As dunas do Sudoeste de Angola são um local que qualquer naturalista tem de visitar pelo menos uma vez na vida. Iniciando-se na região do Tômbua, representam o início do deserto do Namibe, estendendo-se praticamente até ao Sul da Namíbia. A sua altura e finas areias que vão do amarelo ao vermelho demarcam a fronteira entre a terra e o mar. Os seus abruptos sopés são incessantemente golpeados há milhões de anos pelas águas do Atlântico. Perante tudo isto, sentimo-nos pequenos e frágeis. Expostas ao calor e ao sol, as dunas relembram-nos de que não temos o equipamento fisiológico para sobreviver nelas muito tempo, e a forte ondulação marítima que fustiga a estreita praia facilmente enrola os nossos jipes e os transforma em sucata em poucos minutos.
No topo das dunas sentimo-nos um pouco mais seguros e temos uma vista mais alargada do deserto. Procuramos sinais de vida na imensidão, mas estes não se revelam facilmente. Ao longe vemos uma hiena castanha a correr na praia após se ter alimentado de uma carcaça de um leão-marinho. No horizonte conseguimos ver a silhueta de um órix. Aqui e acolá surge um pequeno tufo de plantas e perto delas conseguimos ver uma das duas espécies de lagartos que decidiram fazer das dunas o seu lar – o lagarto-das-dunas (Gerrhosaurus skoogii) e a lagartixa-de-bico-de-pato (Meroles anchietae).
Ambas as espécies têm adaptações morfológicas e fisiológicas que lhes permitem sobreviver nas dunas, sendo que talvez a mais impressionante seja a dos seus focinhos em formato de pá, que usam para escavar a areia quando mergulham nas dunas para escaparem a um predador ou para se esconderem do sol abrasador. Encontrar estas duas espécies era um dos objectivos da pequena incursão que fiz em Dezembro de 2013 numa das minhas primeiras expedições a Angola.

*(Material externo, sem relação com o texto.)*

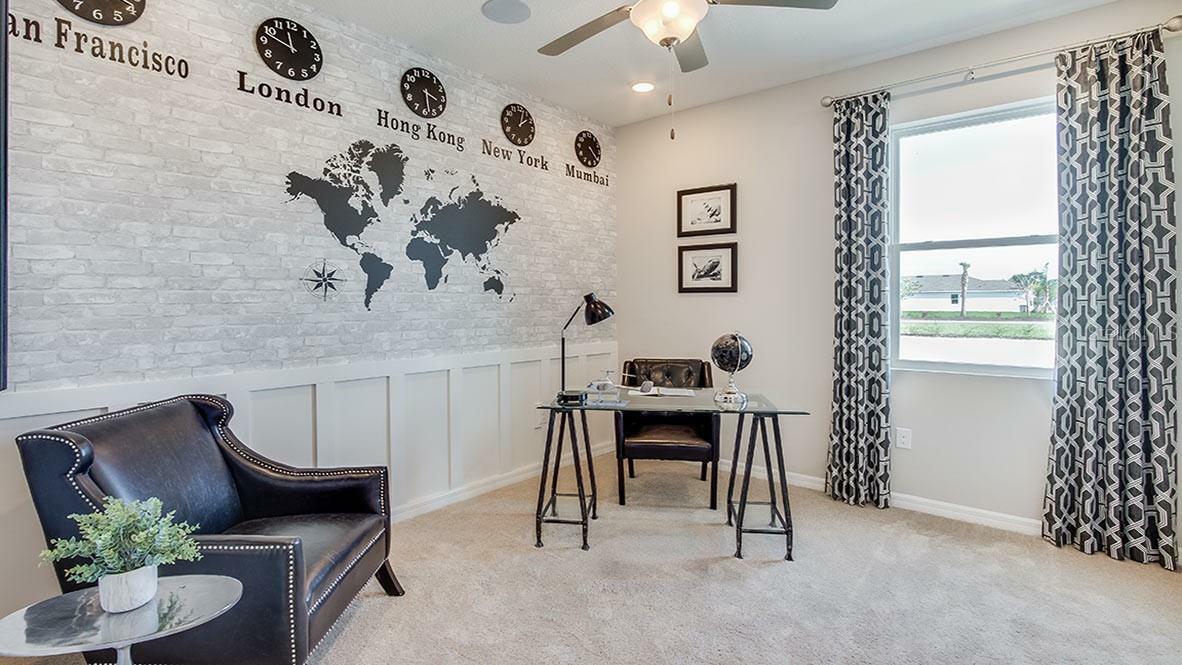 Property Photo: 5121 Stokes Way FL 34785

Acompanhado por colegas norte-americanos, mas também por técnicos e estudantes do então recém-fundado Instituto Nacional da Biodiversidade e Áreas da Conservação (INBAC) do Ministério do Ambiente de Angola, visitámos o Sudoeste de Angola naquela que viria a ser a primeira de um projecto para conhecer, estudar e cartografar a diversidade de anfíbios e répteis do país. Em 2013, por incrível que pareça, sabíamos muito pouco sobre quantas espécies de cobras, lagartos, sapos e rãs existiam no país – o único Atlas disponível datava de 1895.
Uma lagartixa misteriosa
Do topo de uma destas dunas avistámos aquilo que nos pareceu um oásis. Numa das baixas entre dunas encontrava-se um extenso tapete verde, composto por uma vegetação densa e emaranhada. Descendo até lá rapidamente, percebemos que debaixo do emaranhado havia algo que corria de um lado para o outro – uma pequena lagartixa diferente daquelas outras que sabíamos que lá íamos encontrar. De joelhos no chão, conseguimos apanhar alguns exemplares deste inesperado habitante do deserto, que, para nossa surpresa, se revelou um membro do género Trachylepis.

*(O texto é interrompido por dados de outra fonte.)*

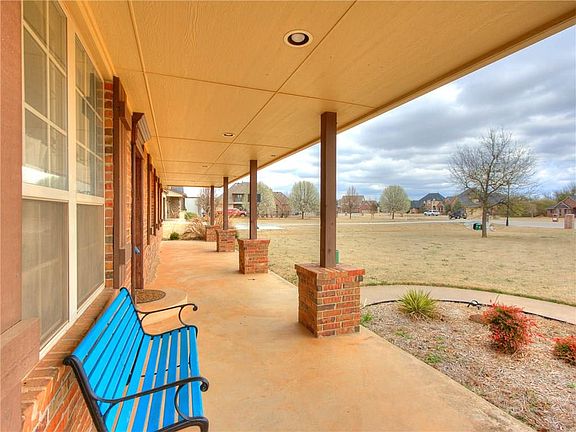 2nd image of 3988 Deer Brook Trl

O género Trachylepis é composto por lagartixas cujo comprimento total raramente ultrapassa os 20 centímetros. Conhece-se actualmente quase uma centena de espécies, sendo que a sua grande maioria ocorre no continente africano. A sua aparência é tudo menos memorável: quatro patas bem desenvolvidas; cincos dedos em cada extremidade; uma cauda longa e elegante; olhos bem desenvolvidos; escamas largas na zona da cabeça e mais homogéneas ao longo do corpo. Na prática, uma banal lagartixa.
As suas cores são um pouco mais interessantes, variando do azul-metálico ao avermelhado, passando pelo castanho e preto. Ocorrem por praticamente todos os habitats disponíveis em África, e são maioritariamente insectívoras. Habitantes em dunas conhecem-se, no entanto, muito poucas.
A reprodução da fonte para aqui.